> Instructions to follow:
Give exactly the lines from the one with "Mit knappem Vorsprung" through the final line of the listing below, both included, leaving out any pictures.

[Opening Given information section]

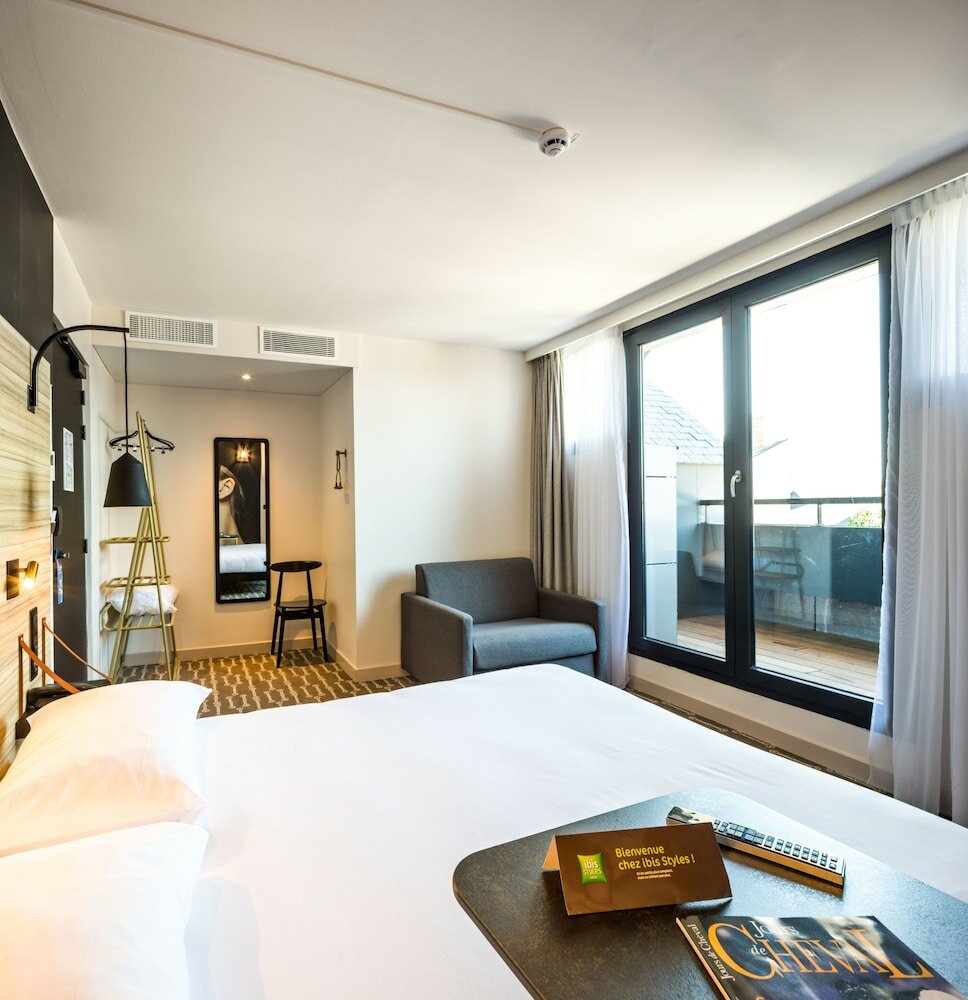 Фото Ibis Styles Laval Centre Gare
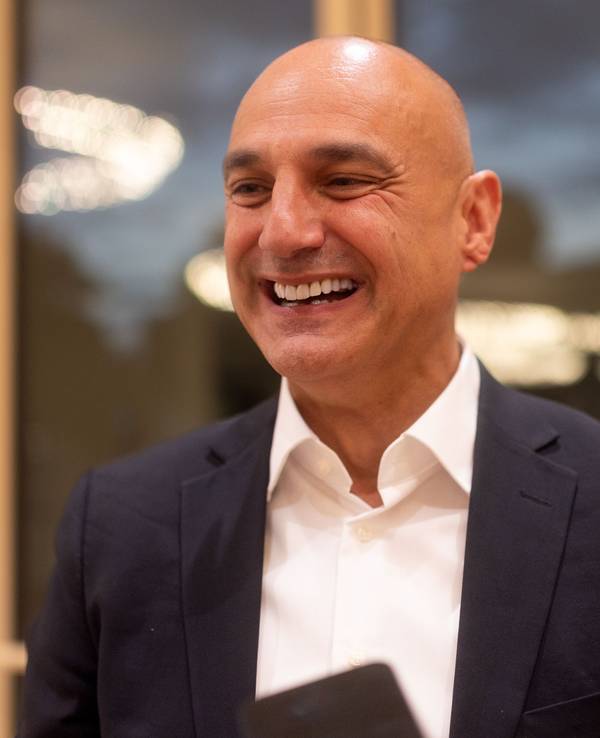 Mit knappem Vorsprung wurde der CDU-Kandidat Alexander Kalouti zum Oberbürgermeister in Dortmund gewählt.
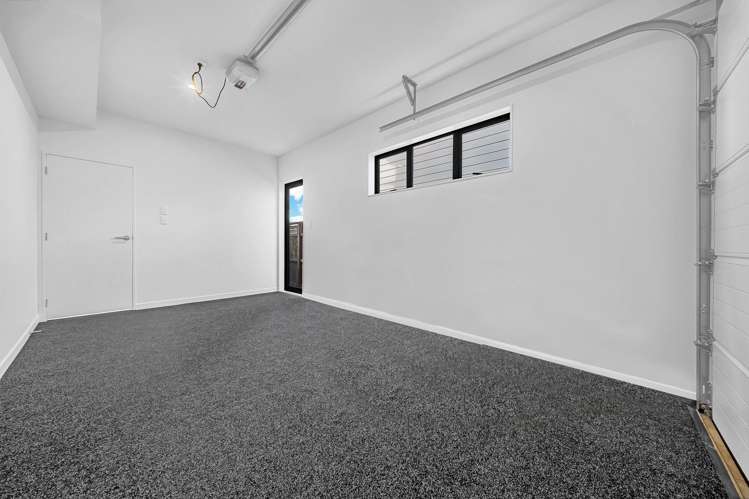 6 Lomandra Street Westgate_13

[Closing Given information section]

> Your solution:
 Mit knappem Vorsprung wurde der CDU-Kandidat Alexander Kalouti zum Oberbürgermeister in Dortmund gewählt.
 6 Lomandra Street Westgate_13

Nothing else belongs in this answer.